I am trying following code to produce confidence intervals of principal component analysis using resampling with replacement (like bootstrap). I am using first 4 columns of iris dataset:
The prcomp function produces following output:
> mydf = iris[1:4]
> print(prcomp(mydf))
Standard deviations:
[1] 2.0562689 0.4926162 0.2796596 0.1543862
Rotation:
PC1 PC2 PC3 PC4
Sepal.Length 0.36138659 -0.65658877 0.58202985 0.3154872
Sepal.Width -0.08452251 -0.73016143 -0.59791083 -0.3197231
Petal.Length 0.85667061 0.17337266 -0.07623608 -0.4798390
Petal.Width 0.35828920 0.07548102 -0.54583143 0.7536574
Using resampling with replacement:
> times = 1000
> ll = list()
> for(i in 1:times) {
+ tempdf = mydf[sample(nrow(mydf), replace = TRUE), ]

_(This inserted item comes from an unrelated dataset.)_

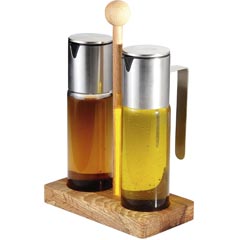 Groovy Wooden Stand 2-piece Oil Set, 180 cc - Groovy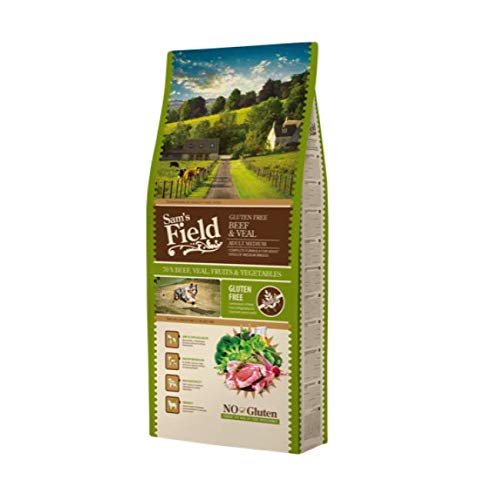 Sam's Field Glutenfrei, Adult Medium, Rind und Kalb 13 kg Sam's Field Glutenfrei, Adult Medium, Rind und Kalb 13 kg von Sam's Field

+ ll[[length(ll)+1]] = prcomp(tempdf)$rotation
+ }
>
> dd = data.frame(apply(simplify2array(ll), 1:2, mean))
> print(dd)
PC1 PC2 PC3 PC4
Sepal.Length 0.005574165 -0.039480258 0.044537991 0.007778055
Sepal.Width -0.002587333 -0.040273812 -0.050793200 -0.005473271
Petal.Length 0.015681233 0.010952361 -0.005769051 -0.011351172
Petal.Width 0.006513656 0.008296928 -0.041805210 0.019109323
Determining lower confidence interval:
> ddlower = data.frame(apply(simplify2array(ll), 1:2, quantile, probs=0.025))
> print(ddlower)
PC1 PC2 PC3 PC4
Sepal.Length -0.3859257 -0.7274809 -0.6560139 -0.3807826
Sepal.Width -0.1127749 -0.7907801 -0.6818251 -0.3941001
Petal.Length -0.8633386 -0.2058064 -0.1333520 -0.4919584
Petal.Width -0.3702979 -0.1328146 -0.6203322 -0.8088710
Determining upper confidence interval:
> ddupper = data.frame(apply(simplify2array(ll), 1:2, quantile, probs=0.975))
> print(ddupper)
PC1 PC2 PC3 PC4
Sepal.Length 0.3860431 0.7250412 0.6632126 0.3831889
Sepal.Width 0.1111863 0.7993649 0.6758156 0.3987939
Petal.Length 0.8638549 0.2106540 0.1318556 0.4915670
Petal.Width 0.3721362 0.1510708 0.6246988 0.8083421
I find that the loading values are very different. Moreover, the confidence intervals are around 0 for all the variables and components. I checked with other (large) datasets also and the findings are very similar. From these confidence intervals none of the loadings are significantly different from 0. There is obviously some error in the code but I cannot seem to find it. Thanks for your help.